Top of Given records
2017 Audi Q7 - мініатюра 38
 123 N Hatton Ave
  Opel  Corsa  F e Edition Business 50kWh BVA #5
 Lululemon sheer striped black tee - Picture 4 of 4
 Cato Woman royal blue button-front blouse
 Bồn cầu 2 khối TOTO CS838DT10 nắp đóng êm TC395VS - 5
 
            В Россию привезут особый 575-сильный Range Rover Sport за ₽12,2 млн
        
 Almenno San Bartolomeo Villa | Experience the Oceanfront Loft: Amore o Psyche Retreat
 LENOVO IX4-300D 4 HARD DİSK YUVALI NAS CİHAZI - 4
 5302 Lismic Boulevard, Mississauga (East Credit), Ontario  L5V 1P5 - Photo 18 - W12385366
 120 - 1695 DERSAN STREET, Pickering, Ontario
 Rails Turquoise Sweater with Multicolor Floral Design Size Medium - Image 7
Bottom of Given records
Print, exactly and only, the lines running from the one with "Lululemon sheer striped" to the end of the data above.

• Finished exercise
 Lululemon sheer striped black tee - Picture 4 of 4
 Cato Woman royal blue button-front blouse
 Bồn cầu 2 khối TOTO CS838DT10 nắp đóng êm TC395VS - 5
 
            В Россию привезут особый 575-сильный Range Rover Sport за ₽12,2 млн
        
 Almenno San Bartolomeo Villa | Experience the Oceanfront Loft: Amore o Psyche Retreat
 LENOVO IX4-300D 4 HARD DİSK YUVALI NAS CİHAZI - 4
 5302 Lismic Boulevard, Mississauga (East Credit), Ontario  L5V 1P5 - Photo 18 - W12385366
 120 - 1695 DERSAN STREET, Pickering, Ontario
 Rails Turquoise Sweater with Multicolor Floral Design Size Medium - Image 7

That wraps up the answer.